On The Frontier Of Uncertainty And Confusion
What Hugh was doing—comparing his writing to the quality of writing in his favorite books—made me think of the actor Jeremy Strong, who for a long time held up his acting heroes and felt like a fraud by comparison. So instead of actually acting and working on his craft, Strong said, “there was a long period in my life where I sought out teachers, wanting to get the magic beans from them. I wanted to find the masters and apprentice to the masters.” At some point, “I realized that the masters, like all of us, are just on the frontier of their own uncertainty and confusion.” The greats are just on the frontier of their own budding, flowering, and unpredictable, unquenchable unfolding—“just like all of us,” Strong said. “And so there is no kind of axiom that they can impart that’s going to unlock the mysteries. There are great practical tools, of course, that you can pick up from the masters, because a lot of work, especially film work, is practical. But then there’s the element that only you can unlock by going to the frontier of your own uncertainty and confusion.”
The Fruit Is Inevitable
“Art need not be intended,” Robert Henri writes in The Art Spirit. “It comes inevitably as the tree from the root, the branch from the trunk, the blossom from the twig.
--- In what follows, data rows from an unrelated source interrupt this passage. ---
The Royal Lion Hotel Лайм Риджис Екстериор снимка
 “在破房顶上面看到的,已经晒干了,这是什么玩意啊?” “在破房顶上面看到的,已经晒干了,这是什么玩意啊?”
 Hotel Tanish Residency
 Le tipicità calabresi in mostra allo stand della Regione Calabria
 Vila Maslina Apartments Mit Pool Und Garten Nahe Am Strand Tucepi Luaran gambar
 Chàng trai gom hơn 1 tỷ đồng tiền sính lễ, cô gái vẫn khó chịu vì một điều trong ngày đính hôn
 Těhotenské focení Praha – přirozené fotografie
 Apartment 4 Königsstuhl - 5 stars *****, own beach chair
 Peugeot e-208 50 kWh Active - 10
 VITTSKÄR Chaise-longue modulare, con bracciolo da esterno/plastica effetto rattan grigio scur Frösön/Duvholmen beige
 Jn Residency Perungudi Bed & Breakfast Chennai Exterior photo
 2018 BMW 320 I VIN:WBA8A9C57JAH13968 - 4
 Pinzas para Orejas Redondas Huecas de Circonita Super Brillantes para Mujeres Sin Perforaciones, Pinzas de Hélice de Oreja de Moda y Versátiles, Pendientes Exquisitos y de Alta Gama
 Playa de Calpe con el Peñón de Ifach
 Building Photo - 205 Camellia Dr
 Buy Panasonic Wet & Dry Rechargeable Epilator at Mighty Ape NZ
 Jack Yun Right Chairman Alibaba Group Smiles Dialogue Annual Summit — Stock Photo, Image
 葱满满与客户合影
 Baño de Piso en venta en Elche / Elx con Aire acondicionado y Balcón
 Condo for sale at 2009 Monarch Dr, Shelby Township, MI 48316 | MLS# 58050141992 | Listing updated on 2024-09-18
None of these forget the present in looking backward or forward. They are occupied wholly with the fulfillment of their own existence. The branch does not call your attention to the magnificent red apple it is about to bear. Because it is engaged in the full play of its own existence, because it is full in its own growth, its fruit is inevitable.” You need not predetermine your desired end-state—whether a fully formed, beautiful, and coherent tile, career, skillset, work of art, or life. You need to make contact with reality, plant seeds and water the soil, sail to the horizon, write a sentence, engage in your own existence, bump up against the frontier of your own uncertainty and confusion—over and over again. For the fruit is only a budding, a flowering, an unpredictable, unquenchable, inevitable unfolding.